As I made my way through the parts, I picked up his head and was surprised to see he has no eyes! WTH???? No eyes? Not sure why that got overlooked when they made this kit, but I find it very odd. So, I was wondering, if you built this kit, how did you remedy this flaw in the model? I mean, I could make him look really ghastly, like his eyes just got poked out, with blood pouring from the sockets, but I'm thinking that wouldn't be in keeping with DS tradition, LOL. Any advice?


----------



## Rob P. (Jan 26, 2004)

Well back when I built mine in 2013, it had eyes, but they were very small. 

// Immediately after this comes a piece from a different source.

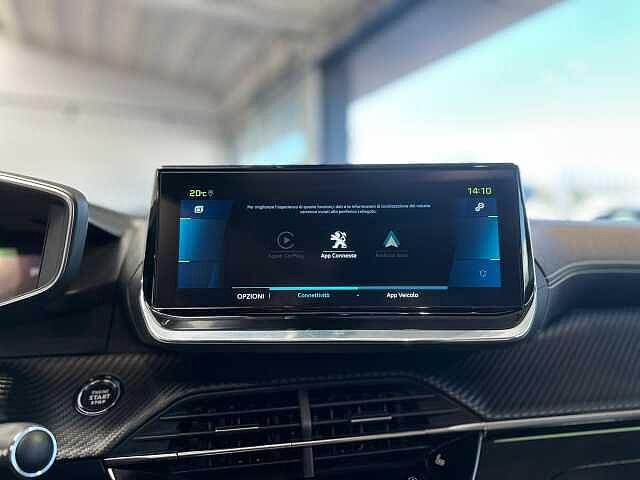 Peugeot 2008 motore elettrico 136 CV GT Pack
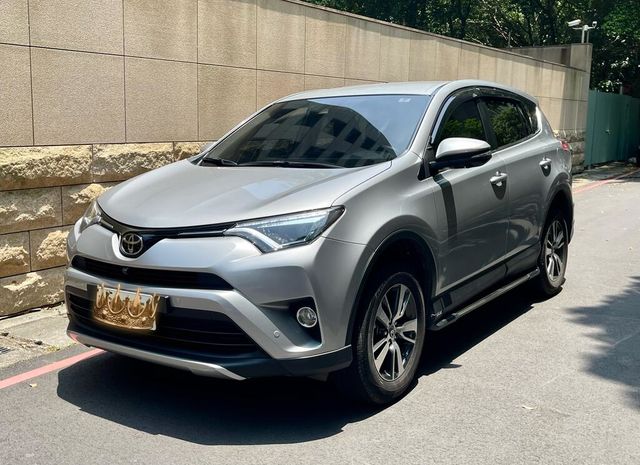 TOYOTA豐田 RAV4  第1張相片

I would suggest contacting Tom Parker at Cult of Personality........ http://copprod.com/

He made a really nice replacement that was also included in the Moebius combination Barnabas and Werewolf kit. And the replacement heads were far better then the originals IMHO. He may still have some laying around if you send him an email. I need to sit down and paint mine and replace my first one. 

Rob


----------



## BobbysMonsterModels (Mar 8, 2014)

I checked the COPP site days ago. They are no longer offering the replacement head for Barnabas. Not sure what that's about, but it's no longer there. Ah well…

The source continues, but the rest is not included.